BRIEF>
Within the entries below, find the portion that opens with the line containing "Silver blue/green stone ring" and closes with the line containing "Espresso martini sparkly Heart Sticker". Retype that portion exactly and only.
DATASET EXTRACT below:
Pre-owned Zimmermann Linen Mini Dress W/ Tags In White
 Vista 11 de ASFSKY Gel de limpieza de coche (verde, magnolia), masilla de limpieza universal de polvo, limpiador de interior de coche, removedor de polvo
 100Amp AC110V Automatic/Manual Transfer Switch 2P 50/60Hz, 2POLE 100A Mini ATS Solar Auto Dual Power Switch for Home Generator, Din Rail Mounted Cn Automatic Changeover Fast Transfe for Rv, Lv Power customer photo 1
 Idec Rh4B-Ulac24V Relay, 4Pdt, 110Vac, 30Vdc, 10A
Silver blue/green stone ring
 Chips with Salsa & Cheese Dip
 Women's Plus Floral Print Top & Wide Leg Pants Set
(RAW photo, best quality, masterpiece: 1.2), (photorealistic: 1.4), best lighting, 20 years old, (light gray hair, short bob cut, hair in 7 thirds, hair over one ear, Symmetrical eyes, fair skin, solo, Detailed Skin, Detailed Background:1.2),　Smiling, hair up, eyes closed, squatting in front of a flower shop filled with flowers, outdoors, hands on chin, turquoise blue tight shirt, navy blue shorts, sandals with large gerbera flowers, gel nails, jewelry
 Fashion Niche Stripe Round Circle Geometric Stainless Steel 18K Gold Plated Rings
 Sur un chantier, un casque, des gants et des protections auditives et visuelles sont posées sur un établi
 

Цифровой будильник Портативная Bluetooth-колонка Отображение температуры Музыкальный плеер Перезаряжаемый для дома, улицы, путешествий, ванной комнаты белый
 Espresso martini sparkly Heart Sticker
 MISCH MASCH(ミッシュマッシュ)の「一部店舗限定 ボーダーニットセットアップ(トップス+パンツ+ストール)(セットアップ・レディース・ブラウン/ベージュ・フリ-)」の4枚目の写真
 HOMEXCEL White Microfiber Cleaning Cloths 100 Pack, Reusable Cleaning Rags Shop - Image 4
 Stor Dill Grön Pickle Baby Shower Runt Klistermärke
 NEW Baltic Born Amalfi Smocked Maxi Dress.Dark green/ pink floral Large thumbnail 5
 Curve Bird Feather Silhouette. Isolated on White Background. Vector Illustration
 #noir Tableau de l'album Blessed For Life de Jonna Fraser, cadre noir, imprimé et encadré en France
End of DATASET EXTRACT.
ANSWER SECTION>
Silver blue/green stone ring
 Chips with Salsa & Cheese Dip
 Women's Plus Floral Print Top & Wide Leg Pants Set
(RAW photo, best quality, masterpiece: 1.2), (photorealistic: 1.4), best lighting, 20 years old, (light gray hair, short bob cut, hair in 7 thirds, hair over one ear, Symmetrical eyes, fair skin, solo, Detailed Skin, Detailed Background:1.2),　Smiling, hair up, eyes closed, squatting in front of a flower shop filled with flowers, outdoors, hands on chin, turquoise blue tight shirt, navy blue shorts, sandals with large gerbera flowers, gel nails, jewelry
 Fashion Niche Stripe Round Circle Geometric Stainless Steel 18K Gold Plated Rings
 Sur un chantier, un casque, des gants et des protections auditives et visuelles sont posées sur un établi
 

Цифровой будильник Портативная Bluetooth-колонка Отображение температуры Музыкальный плеер Перезаряжаемый для дома, улицы, путешествий, ванной комнаты белый
 Espresso martini sparkly Heart Sticker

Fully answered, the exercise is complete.